Counter-UAS Operations
IVA systems are increasingly deployed specifically for the detection and classification of hostile UAVs — tracking swarm formations, identifying launch signatures, and supporting intercept targeting in real time.

 

Urban Operations
In complex urban environments, AI video analytics supports route reconnaissance, crowd monitoring, and facility security, identifying patterns of behavior that precede attacks or coordinated incursions.

 

According to Wikipedia’s overview of video analytics technology, the field has expanded significantly with the availability of affordable AI hardware and the maturation of computer vision models — making capabilities once reserved for the largest defense programs accessible to a much broader range of operators and applications.

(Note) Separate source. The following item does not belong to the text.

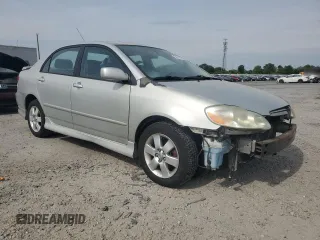 2004 Toyota Corolla CE with VIN 1NXBR32EX4Z334197, listed as a Copart auction lot 54705245 with 269,429 mi miles and Salvage Title. Bid and sale history available at DreamBid. Image 4.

Selecting an Intelligent Video Analytics System

For procurement teams and defense integrators evaluating IVA platforms, several technical criteria consistently separate operational-grade solutions from commercially-adequate alternatives:

 

  • Detection accuracy at target ranges: What is the false positive and false detection rate at operationally relevant distances?
  • Multi-stream capacity: How many simultaneous video feeds can the system analyze without degrading detection performance?
  • Latency from capture to alert: End-to-end pipeline latency of under 100ms is the operational standard for real-time tactical applications
  • Edge processing independence: Can the system operate effectively without persistent connectivity to a ground station or cloud server?
  • Environmental qualification: Is the hardware MIL-STD-rated for vibration, temperature extremes, dust, and moisture?
  • Integration with C2 systems: Does the system output structured data compatible with standard command-and-control architectures?

 

As intelligent video analytics continues to mature, the gap between what AI-enabled systems can detect and what human operators can manually monitor will only grow wider. Organizations that build intelligent video analysis into their surveillance and ISR architecture now will hold a substantial operational advantage over those that treat it as a future capability.